J Phys Chem B ; 110(26): 13283-95, 2006 Jul 06.
Article in English | MEDLINE | ID: mdl-16805643

ABSTRACT

Neutron diffraction runs and gas-consumption experiments based on pressure-volume-temperature measurements are conducted to study the kinetics of methane hydrate formation from hydrogenated and deuterated ice powder samples in the temperature range of 245-270 K up to high degrees of transformation. An improved theory of the hydrate growth in a polydisperse ensemble of randomly packed ice spheres is developed to provide a quantitative interpretation of the data in terms of kinetic model parameters.
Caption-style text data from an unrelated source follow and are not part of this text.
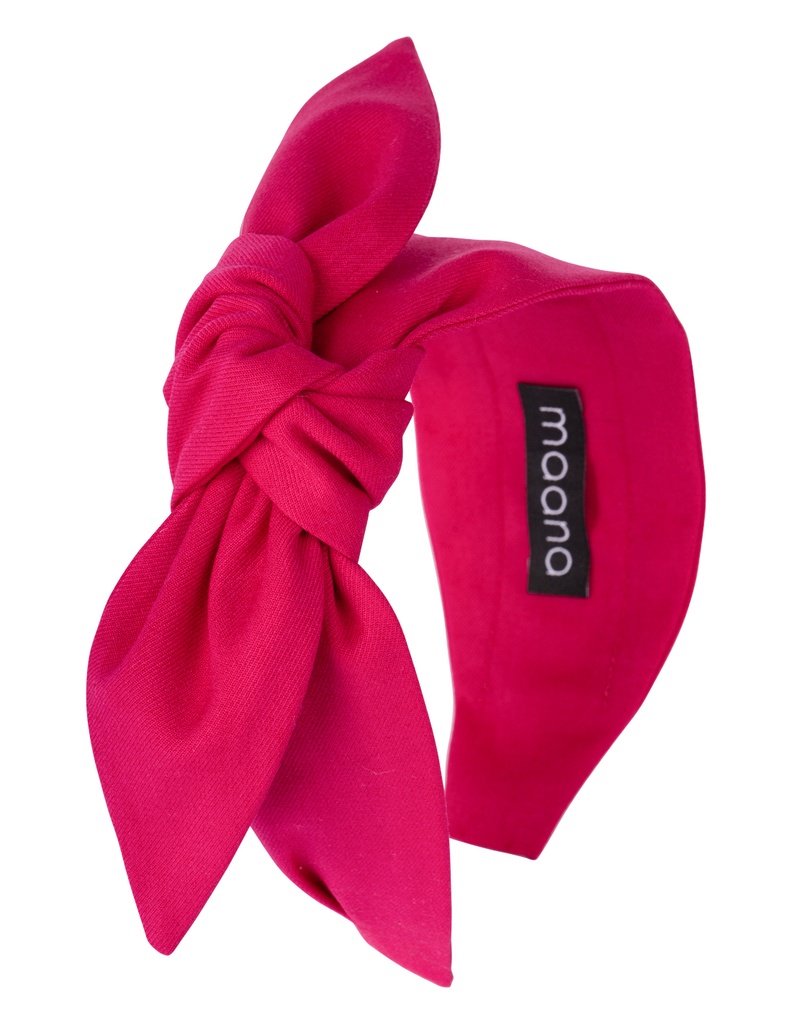 Knotted bow headband 'Fuchsia'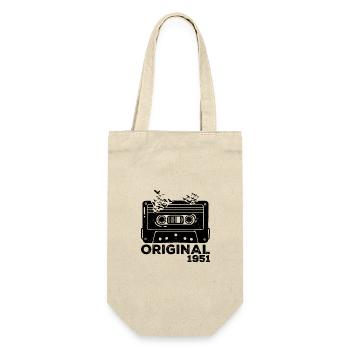 Year of birth 1951 Cassette 1951 Birthday 1951 - Gift Bag for Bottles - nature - Front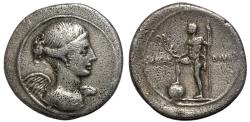 Ancient Coins - Octavian AR Denarius. Italian mint (Rome?), 31 - 30 BC. (3.64g, 21mm)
This paper continues the research line of our earlier study which was limited to the monodisperse case and shorter reaction times (Staykova et al., 2003). As before, we distinguish the process of initial hydrate film spreading over the ice particle surface (stage I) and the subsequent hydrate shell growth (stage II) which includes two steps, i.e., an interfacial clathration reaction and the gas and water transport (diffusion) through the hydrate layer surrounding the shrinking ice cores. Although kinetics of hydrate formation at stage II is clearly dominated by the diffusion mechanism which becomes the limiting step at temperatures above 263 K, both steps are shown to be essential at lower temperatures. The permeation coefficient D is estimated as (1.46 +/- 0.44) x 10(-12) m2/h at 263 K with an activation energy Q(D) approximately 52.1 kJ/mol. This value is close to the energy of breaking hydrogen bonds in ice Ih and suggests that this process is the rate-limiting step in hydrate formation from ice in the slower diffusion-controlled part of the reaction.